Hypothetical: "The capital of France is Paris, located in northern France along the Seine River..."

Now the embedding actually matches relevant documents.

Impact: +8% recall@10 on my test set.

Atomic Index Persistence

The naive approach to saving the index:

// DANGEROUS — if the process dies here, the file is corrupted
try (FileOutputStream fos = new FileOutputStream("index.bin")) {
    serialize(index, fos);
}

The safe approach — write-to-tmp + rename (atomic on POSIX systems):

public void saveIndex() throws IOException {
    Path tempFile = Files.createTempFile("index-", ".tmp");

    try {
        // Write to temp file
        try (ObjectOutputStream oos = new ObjectOutputStream(
            new BufferedOutputStream(Files.newOutputStream(tempFile))
        )) {
            oos.writeObject(this.nodes);
            oos.writeObject(this.entryPoint);
        }

        // Atomic rename — either succeeds completely or fails completely
        Files.move(tempFile, indexPath,
            StandardCopyOption.ATOMIC_MOVE,
            StandardCopyOption.REPLACE_EXISTING
        );
    } catch (Exception e) {
        Files.deleteIfExists(tempFile);
        throw e;
    }
}

ATOMIC_MOVE is a single filesystem operation — it either completes or doesn't happen at all. No corrupted state.
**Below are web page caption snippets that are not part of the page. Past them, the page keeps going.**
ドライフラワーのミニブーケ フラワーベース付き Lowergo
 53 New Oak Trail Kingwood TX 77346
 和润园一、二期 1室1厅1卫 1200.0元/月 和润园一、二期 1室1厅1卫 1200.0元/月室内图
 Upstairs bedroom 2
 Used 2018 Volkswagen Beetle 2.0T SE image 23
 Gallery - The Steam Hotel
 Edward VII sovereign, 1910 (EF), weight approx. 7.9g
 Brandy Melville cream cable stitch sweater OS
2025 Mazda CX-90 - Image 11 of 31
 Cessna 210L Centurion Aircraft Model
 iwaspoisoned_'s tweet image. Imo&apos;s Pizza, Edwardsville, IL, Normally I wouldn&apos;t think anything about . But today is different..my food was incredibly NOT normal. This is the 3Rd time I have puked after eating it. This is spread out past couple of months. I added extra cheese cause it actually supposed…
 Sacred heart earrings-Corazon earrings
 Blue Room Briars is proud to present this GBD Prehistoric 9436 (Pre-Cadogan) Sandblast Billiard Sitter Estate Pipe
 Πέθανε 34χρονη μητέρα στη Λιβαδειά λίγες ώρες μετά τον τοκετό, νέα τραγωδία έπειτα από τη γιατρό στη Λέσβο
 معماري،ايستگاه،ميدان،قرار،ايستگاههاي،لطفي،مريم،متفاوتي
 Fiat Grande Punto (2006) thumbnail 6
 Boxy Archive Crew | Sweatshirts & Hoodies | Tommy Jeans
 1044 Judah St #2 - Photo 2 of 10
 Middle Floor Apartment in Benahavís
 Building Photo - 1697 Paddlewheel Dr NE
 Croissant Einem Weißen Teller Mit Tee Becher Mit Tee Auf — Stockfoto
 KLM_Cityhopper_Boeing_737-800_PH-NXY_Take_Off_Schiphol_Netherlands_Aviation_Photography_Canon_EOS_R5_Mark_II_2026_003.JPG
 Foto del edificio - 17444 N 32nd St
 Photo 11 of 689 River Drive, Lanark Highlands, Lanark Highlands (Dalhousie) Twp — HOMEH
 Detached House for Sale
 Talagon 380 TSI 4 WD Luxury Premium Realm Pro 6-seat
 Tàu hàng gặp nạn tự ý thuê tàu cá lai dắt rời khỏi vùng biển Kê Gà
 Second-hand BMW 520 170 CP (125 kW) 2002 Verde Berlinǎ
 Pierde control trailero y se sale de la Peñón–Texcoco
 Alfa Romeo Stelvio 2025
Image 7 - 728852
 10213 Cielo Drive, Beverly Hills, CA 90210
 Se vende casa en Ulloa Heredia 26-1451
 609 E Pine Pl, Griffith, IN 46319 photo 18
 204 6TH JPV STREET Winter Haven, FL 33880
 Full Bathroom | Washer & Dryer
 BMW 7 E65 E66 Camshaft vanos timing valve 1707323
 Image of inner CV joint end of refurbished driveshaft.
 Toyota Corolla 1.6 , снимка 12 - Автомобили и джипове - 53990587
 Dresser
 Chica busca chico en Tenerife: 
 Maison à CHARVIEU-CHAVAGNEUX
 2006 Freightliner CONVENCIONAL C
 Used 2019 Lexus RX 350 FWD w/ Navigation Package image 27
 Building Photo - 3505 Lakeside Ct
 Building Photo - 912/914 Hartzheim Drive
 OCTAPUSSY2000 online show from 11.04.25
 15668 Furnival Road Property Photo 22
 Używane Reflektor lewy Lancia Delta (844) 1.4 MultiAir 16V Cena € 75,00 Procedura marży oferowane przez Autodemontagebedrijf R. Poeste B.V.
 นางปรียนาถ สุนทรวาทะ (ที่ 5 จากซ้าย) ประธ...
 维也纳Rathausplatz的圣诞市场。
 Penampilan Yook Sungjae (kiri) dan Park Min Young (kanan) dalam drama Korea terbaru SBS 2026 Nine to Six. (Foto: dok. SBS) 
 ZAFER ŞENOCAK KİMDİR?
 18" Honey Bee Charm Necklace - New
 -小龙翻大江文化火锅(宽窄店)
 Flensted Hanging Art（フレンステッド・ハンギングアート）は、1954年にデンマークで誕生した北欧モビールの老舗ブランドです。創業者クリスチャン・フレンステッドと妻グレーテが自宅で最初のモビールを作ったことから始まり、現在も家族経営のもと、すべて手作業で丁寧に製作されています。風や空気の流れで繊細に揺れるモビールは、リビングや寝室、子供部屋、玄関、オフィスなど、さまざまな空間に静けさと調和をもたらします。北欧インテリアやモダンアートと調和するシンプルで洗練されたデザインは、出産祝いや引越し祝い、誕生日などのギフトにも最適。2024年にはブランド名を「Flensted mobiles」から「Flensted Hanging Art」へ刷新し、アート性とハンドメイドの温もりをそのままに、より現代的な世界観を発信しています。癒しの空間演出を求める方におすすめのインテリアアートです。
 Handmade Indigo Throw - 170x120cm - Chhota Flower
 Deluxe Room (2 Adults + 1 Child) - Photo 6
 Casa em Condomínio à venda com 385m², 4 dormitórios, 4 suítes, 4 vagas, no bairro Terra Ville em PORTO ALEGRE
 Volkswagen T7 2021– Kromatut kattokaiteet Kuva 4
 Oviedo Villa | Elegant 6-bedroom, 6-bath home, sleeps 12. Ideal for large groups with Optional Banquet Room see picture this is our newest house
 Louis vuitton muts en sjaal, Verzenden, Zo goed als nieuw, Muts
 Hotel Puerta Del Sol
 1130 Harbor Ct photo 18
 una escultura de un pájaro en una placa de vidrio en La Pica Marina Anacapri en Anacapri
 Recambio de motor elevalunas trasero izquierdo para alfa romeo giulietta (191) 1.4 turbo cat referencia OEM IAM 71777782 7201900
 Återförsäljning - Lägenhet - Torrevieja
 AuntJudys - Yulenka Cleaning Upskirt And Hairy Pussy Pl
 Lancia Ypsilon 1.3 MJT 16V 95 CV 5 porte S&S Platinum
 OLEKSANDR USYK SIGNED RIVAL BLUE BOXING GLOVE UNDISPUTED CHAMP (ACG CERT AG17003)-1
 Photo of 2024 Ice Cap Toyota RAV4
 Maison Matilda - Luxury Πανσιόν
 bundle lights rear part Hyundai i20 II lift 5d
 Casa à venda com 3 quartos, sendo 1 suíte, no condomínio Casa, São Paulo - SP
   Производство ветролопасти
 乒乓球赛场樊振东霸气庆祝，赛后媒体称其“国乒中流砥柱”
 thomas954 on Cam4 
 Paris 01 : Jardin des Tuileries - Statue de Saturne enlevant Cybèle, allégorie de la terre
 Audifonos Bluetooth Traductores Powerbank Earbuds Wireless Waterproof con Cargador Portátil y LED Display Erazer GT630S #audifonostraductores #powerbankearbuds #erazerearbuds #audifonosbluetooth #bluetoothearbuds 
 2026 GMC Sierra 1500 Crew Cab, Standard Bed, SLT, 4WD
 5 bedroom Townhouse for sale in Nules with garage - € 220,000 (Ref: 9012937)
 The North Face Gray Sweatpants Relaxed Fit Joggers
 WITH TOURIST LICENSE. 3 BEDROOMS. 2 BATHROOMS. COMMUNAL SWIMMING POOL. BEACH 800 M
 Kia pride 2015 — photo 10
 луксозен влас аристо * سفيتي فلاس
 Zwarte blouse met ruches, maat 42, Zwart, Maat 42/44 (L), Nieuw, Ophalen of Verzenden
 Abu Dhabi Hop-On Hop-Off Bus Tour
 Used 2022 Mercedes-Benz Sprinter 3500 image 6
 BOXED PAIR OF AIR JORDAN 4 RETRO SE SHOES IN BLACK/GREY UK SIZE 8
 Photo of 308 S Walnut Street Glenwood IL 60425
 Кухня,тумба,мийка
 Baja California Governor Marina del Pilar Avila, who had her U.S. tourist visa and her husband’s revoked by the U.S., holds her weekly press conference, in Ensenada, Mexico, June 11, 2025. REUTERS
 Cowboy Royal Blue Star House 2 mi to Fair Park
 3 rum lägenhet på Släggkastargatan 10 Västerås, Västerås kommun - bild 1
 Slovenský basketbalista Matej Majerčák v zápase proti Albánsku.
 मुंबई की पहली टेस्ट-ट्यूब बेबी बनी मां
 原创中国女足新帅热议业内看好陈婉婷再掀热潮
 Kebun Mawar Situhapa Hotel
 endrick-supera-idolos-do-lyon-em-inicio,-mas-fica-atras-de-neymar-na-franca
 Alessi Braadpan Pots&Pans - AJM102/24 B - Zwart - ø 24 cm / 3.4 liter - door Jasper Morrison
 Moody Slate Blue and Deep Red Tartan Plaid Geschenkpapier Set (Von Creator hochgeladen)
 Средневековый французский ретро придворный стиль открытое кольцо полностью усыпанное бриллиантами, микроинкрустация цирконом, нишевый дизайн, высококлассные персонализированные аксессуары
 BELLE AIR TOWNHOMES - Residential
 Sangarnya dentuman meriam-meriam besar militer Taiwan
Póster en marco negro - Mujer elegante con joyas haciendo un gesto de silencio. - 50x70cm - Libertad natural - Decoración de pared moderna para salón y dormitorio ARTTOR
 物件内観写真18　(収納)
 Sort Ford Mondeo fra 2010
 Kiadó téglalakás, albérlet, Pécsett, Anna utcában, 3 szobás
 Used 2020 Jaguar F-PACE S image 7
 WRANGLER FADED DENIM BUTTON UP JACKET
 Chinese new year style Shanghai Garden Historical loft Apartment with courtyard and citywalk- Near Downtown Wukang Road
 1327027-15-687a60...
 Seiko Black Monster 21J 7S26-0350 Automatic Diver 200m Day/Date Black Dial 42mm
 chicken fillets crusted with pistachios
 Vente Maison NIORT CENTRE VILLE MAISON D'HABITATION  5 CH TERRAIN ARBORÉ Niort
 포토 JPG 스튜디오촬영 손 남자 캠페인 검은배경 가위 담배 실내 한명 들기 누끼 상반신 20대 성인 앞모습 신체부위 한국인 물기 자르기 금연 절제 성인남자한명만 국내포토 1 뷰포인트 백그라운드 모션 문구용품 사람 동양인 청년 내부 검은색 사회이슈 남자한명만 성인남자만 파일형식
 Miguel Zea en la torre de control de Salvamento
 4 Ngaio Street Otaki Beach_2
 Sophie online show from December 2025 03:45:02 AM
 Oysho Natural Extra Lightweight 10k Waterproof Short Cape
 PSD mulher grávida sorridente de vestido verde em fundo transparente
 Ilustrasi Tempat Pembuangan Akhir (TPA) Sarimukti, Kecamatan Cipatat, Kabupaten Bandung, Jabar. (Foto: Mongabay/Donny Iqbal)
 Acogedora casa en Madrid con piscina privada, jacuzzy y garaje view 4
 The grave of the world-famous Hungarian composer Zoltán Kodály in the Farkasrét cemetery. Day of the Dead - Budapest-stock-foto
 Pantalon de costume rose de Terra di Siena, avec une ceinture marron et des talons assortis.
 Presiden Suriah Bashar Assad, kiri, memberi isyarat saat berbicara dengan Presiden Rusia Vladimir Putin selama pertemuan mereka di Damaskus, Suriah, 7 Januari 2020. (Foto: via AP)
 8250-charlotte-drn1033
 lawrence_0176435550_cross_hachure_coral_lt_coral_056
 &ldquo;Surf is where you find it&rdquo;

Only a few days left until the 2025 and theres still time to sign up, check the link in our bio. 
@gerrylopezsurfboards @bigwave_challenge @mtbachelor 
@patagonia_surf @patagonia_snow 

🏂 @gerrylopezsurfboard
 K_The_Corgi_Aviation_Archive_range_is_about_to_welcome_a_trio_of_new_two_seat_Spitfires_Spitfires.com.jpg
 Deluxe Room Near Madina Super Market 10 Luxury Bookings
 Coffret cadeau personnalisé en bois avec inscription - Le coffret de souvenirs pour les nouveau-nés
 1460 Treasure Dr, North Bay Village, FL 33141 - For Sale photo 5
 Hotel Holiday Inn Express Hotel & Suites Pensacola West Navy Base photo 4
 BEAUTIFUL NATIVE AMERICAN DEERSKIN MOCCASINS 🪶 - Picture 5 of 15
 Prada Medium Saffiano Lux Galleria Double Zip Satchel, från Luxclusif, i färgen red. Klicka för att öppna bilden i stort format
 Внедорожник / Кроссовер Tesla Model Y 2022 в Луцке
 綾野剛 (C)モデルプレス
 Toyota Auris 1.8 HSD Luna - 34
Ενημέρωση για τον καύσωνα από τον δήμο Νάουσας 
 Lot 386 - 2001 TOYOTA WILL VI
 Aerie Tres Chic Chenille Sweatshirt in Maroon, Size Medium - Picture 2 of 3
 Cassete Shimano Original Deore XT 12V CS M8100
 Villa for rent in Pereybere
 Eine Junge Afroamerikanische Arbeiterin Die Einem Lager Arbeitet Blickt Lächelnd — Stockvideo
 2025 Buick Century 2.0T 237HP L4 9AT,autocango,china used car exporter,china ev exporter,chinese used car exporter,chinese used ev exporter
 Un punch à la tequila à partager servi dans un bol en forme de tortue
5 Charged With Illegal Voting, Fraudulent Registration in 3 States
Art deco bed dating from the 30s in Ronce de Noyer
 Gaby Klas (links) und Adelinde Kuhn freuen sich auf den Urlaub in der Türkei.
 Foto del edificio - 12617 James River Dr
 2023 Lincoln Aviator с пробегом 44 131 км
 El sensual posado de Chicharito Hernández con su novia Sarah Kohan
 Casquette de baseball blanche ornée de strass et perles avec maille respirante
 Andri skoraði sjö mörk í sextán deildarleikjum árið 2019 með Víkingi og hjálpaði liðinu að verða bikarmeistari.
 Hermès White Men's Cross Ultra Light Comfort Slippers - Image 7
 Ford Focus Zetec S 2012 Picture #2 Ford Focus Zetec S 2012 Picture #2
Result: Index loads in <15ms on restart, matching LevelDB's durability pattern.

Performance Results

Tested on 1,000 vectors (sentence embeddings, 384 dimensions):

Metric	Result
recall@10	0.984
Cold query latency	35ms
Cached query latency	<1ms
Index load time	<15ms
Index build time (1K vectors)	~200ms

The cold vs cached gap shows the LRU cache working: 35ms first query, sub-millisecond repeat queries.

Key Lessons

1. The probabilistic layer structure is brilliant.
O(log n) search complexity comes naturally from the exponential decay of upper layers. You don't need a balanced tree — randomness does the work.

2. ef and M are the critical parameters.

M: max connections per node. Higher = better recall, more memory.
efConstruction: search width during insertion. Higher = better index quality, slower build.
efSearch: search width at query time. Higher = better recall, slower queries.

3. Hybrid retrieval almost always beats pure dense retrieval.
BM25 catches exact matches that dense embeddings miss. RRF fusion requires no tuning.

4. Atomic writes are non-negotiable for any persistent data structure.
Write-to-tmp + rename is the standard pattern — use it everywhere.

5. HyDE is underrated.
Generating a hypothetical answer before embedding significantly improves recall for factoid queries with minimal overhead.